The most important is that the question of causation and how to demonstrate it is not settled by philosophers of science. The only ones who think it’s settled are scientists and that’s because they aren’t experts in the subject. As one wag once said, expecting a scientist to understand scientific method is like expecting a fish to understand hydrodynamics. Scientist are experts in doing science. But they do not often understand exactly the logic of what they are doing.

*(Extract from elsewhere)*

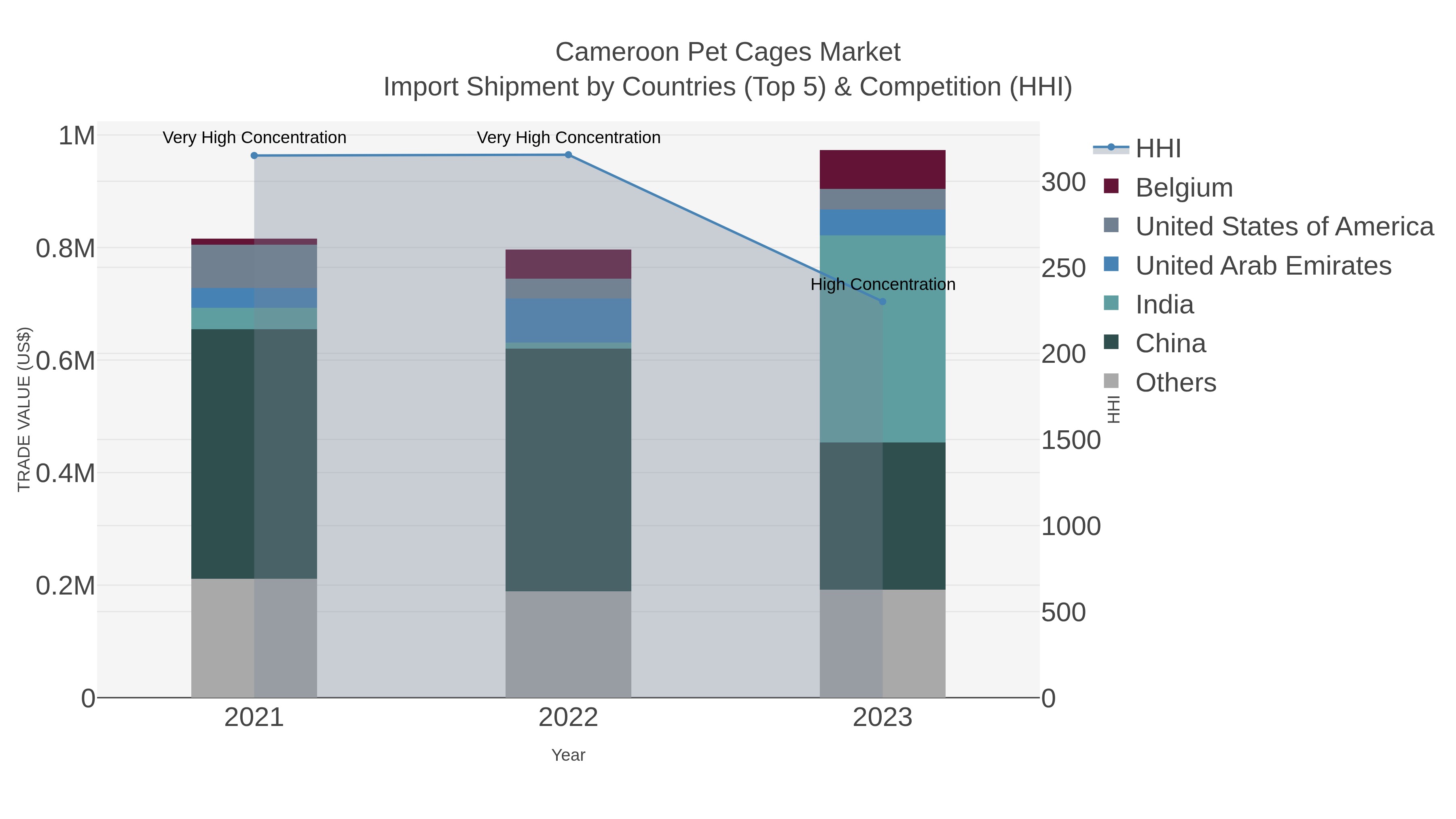 Cameroon Pet Cages Market Import Shipment by Countries (Top 5) & Competition (HHI)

Consider the role of deductive reasoning, which most scientists take to be one of the hallmarks of scientific method. Yet its use is fairly restricted, mainly to constructing mathematical tools. Beyond that it has limited relevance because deductive reasoning requires something we don’t have in empirical science, absolute certainty. Here’s an example from the late ET Jaynes’s book, Probability Theory:

Suppose some dark night a policeman walks down a street, apparently deserted. Suddenly he hears a burglar alarm, looks across the street, and sees a jewelry store with a broken window. Then a gentleman wearing a mask comes crawling out through the broken window, carrying a bag which turns out to be full of expensive jewelry. The policeman doesn’t hesitate at all in deciding that this gentleman is dishonest. but by what reasoning process does he arrive at this conclusion?


A moment’s thought makes it clear that our policeman’s conclusion was not a logical deduction from the evidence; for there may have been a perfectly innocent explanation for everything. It might be, for example, that this gentleman was the owner of the jewelry store and he was coming home from a masquerade party, and didn’t have the key with him. However, just as he walked by his store, a passing truck threw a stone through the window, and he was only protecting his own property.

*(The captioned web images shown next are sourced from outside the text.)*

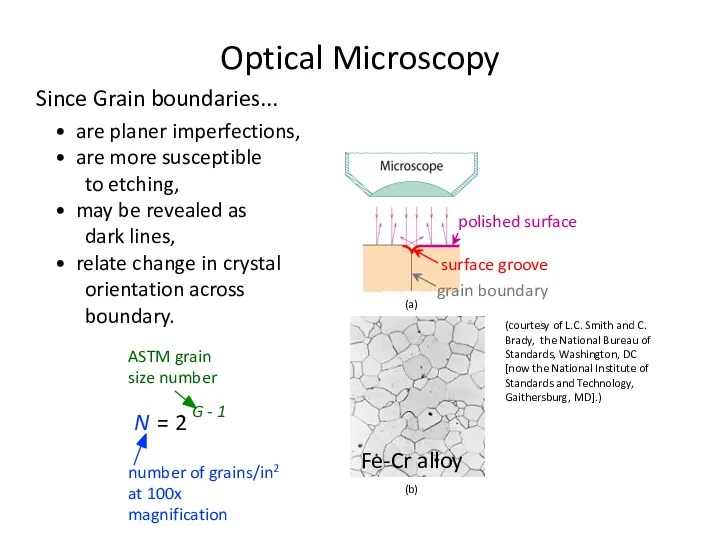 Since Grain boundaries... • are planer imperfections, • are more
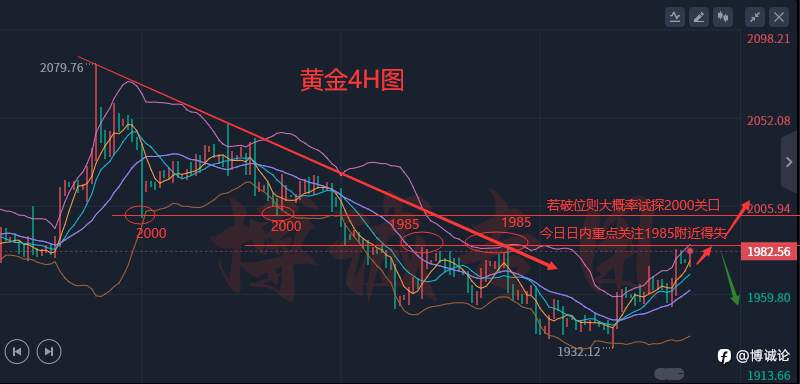 博诚:黄金震荡偏强运行 今晚非农如何应对?最新走势分析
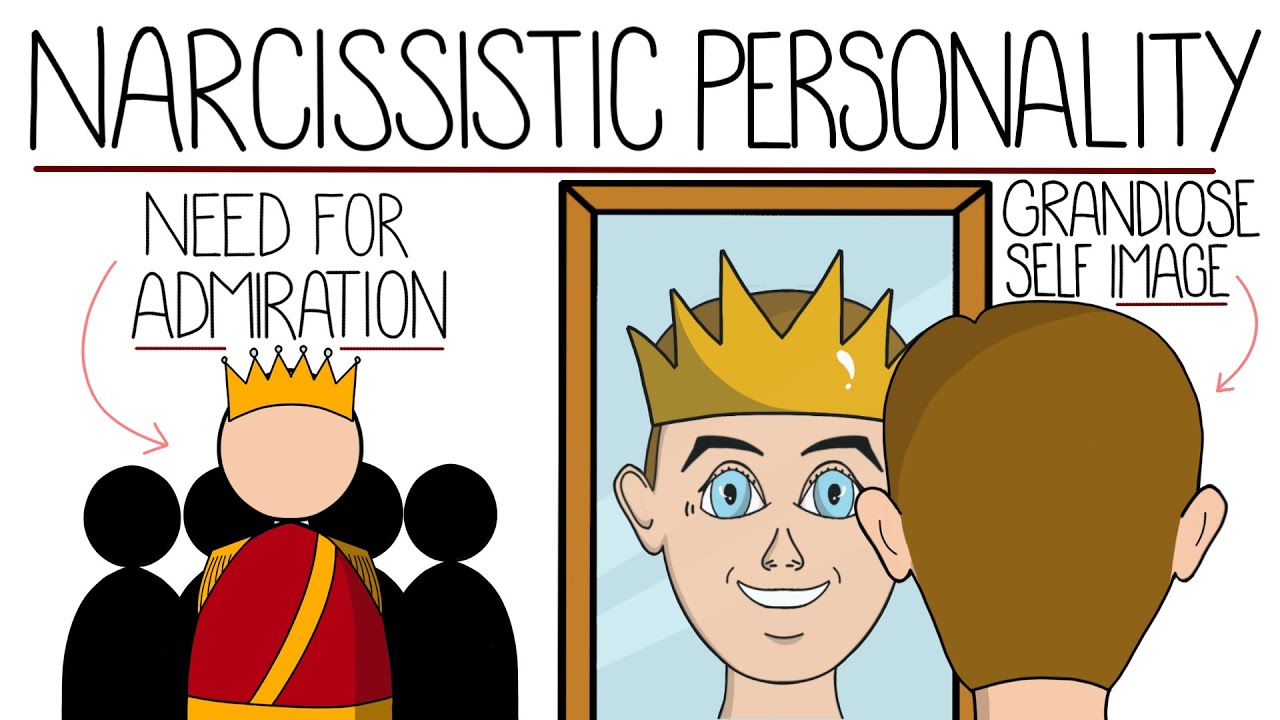 Narcissistic Personality Disorder Explained Clearly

Now, while the policeman’s reasoning process was not logical deduction, we will grant that it had a certain degree of validity. The evidence did not make the gentleman’s dishonesty certain, but it did make it extremely plausible. This is an example of a kind of reasoning in which we have all become more or less proficient, necessarily, long before studying mathematical theories. We are hardly able to get through one waking hour without facing some situation (e.g., will it rain or won’t it?) where we do not have enough information to permit deductive reasoning; but still we must decide immediately what to do. [emphasis in the original]

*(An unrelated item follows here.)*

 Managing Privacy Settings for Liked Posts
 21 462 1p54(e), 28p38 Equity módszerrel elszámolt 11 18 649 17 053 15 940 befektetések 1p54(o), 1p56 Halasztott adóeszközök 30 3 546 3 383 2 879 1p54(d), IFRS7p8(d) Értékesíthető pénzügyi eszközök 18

This passage appears in the first two paragraphs (Chapter 1, p. 3) of Jaynes’s Probability Theory: The Logic of Science. It is the posthumous masterwork of one of the 20th century’s foremost mathematical probabilists, a graduate level text in mathematical probability theory. He was no lightweight and certainly not a crank. The 700 pages that follow contain Jaynes’s development of the seminal work of Jeffreys, Cox, Shannon and Polya, focusing not on deductive reasoning but on plausible reasoning and its rules. It’s a book in the logic of probability, not the logic of certainty, which is what deductive logic studies.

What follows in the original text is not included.